Heard the rowers; encountered some roller skiers; greeted Dave, the Daily Walker and Mr. Morning!; looked up at the fluffy white clouds; wondered if the big bird soaring high above me was an eagle or a hawk or a turkey vulture; noticed all the empty benches; tried to, but couldn’t, identify the song coming out of a biker’s speakers as they passed me; thought about how fast the river was going and whether or not that was faster than I was running up the hill; appreciated my shadow ahead of me; smelled too much lilac; successfully avoided lots of groups of walkers; ran way too fast down a hill.
Inspired by an interview I encountered this morning, here’s the first poem from Ada Limón’s latest collection, The Hurting Kind:
Give Me This/ Ada Limón
I thought it was the neighbor’s cat back
to clean the clock of the fledgling robins low
in their nest stuck in the dense hedge by the house
but what came was much stranger, a liquidity
moving all muscle and bristle. A groundhog
slippery and waddle thieving my tomatoes still
green in the morning’s shade. I watched her
munch and stand on her haunches taking such
pleasure in the watery bites. Why am I not allowed
delight? A stranger writes to request my thoughts
on suffering. Barbed wire pulled out of the mouth,
as if demanding that I kneel to the trap of coiled
spikes used in warfare and fencing. Instead,
I watch the groundhog closer and a sound escapes
me, a small spasm of joy I did not imagine
when I woke. She is a funny creature and earnest,
and she is doing what she can to survive.
Here’s the final question, and her answer, in the interview:
Question: What is the poet’s role in finding meaning in the world, and what is our duty in deciding to reject meaning? Talk to me about the work of meaning making.

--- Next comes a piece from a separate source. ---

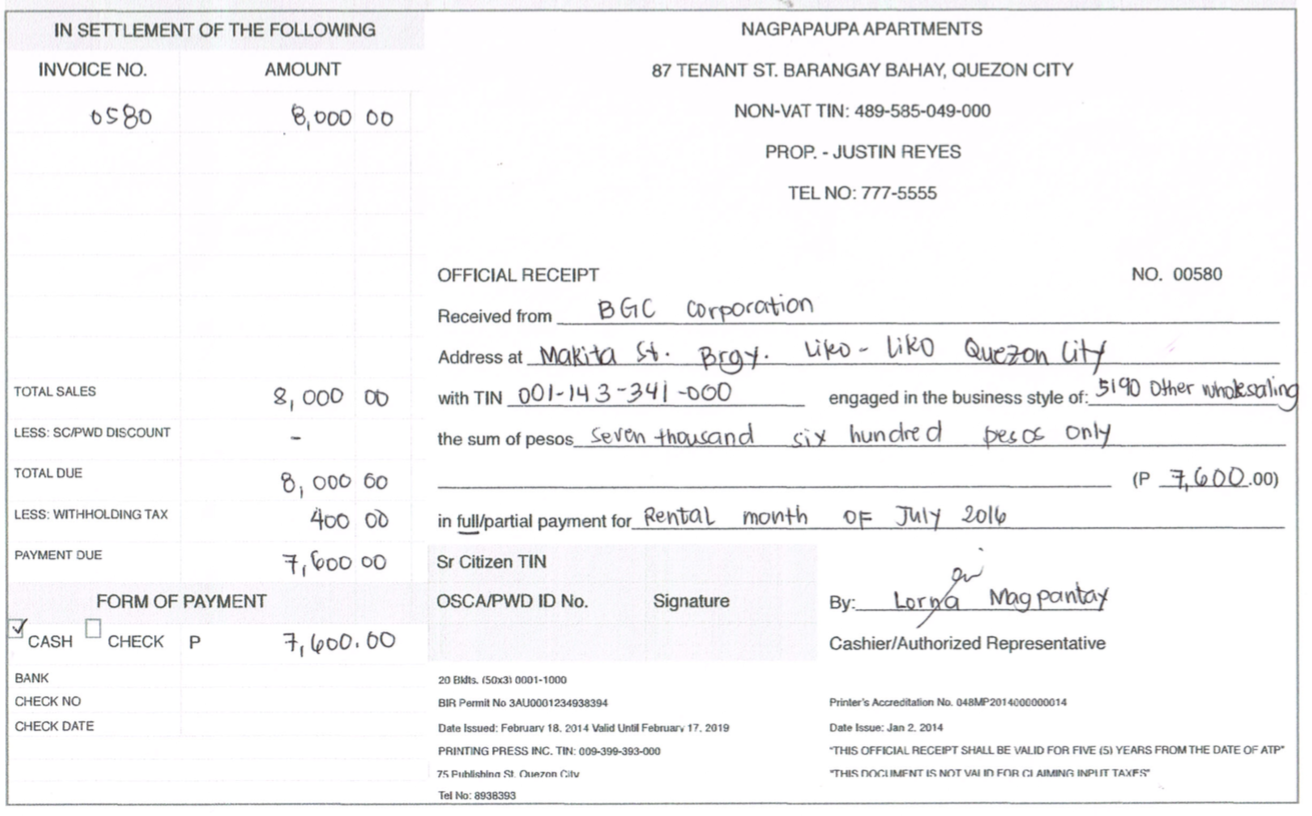 sample official receipt form documents bizdoska rent template free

Talk to me about the work of surrender and release?
Answer: That’s the nature of life, isn’t it? To desire to make meaning and then surrender to the mystery and the repeat and repeat and repeat. Toni Morrison once said, during her Nobel Prize speech in 1993, “We die. That may be the meaning of life. But we do language. That may be the measure of our lives.” And to me that quote is all about surrendering to our mortality, accepting our end, and yet recognizing the ways in which we honor our time here. How we point out the beauty, the pain, the full spectrum of all of our experience, so that we can live wholly, completely, and not miss the living we’ve been granted. Sometimes the message is only, “Look, I am alive.” And it does not have to transcend that. Why would it? What could be bigger than that?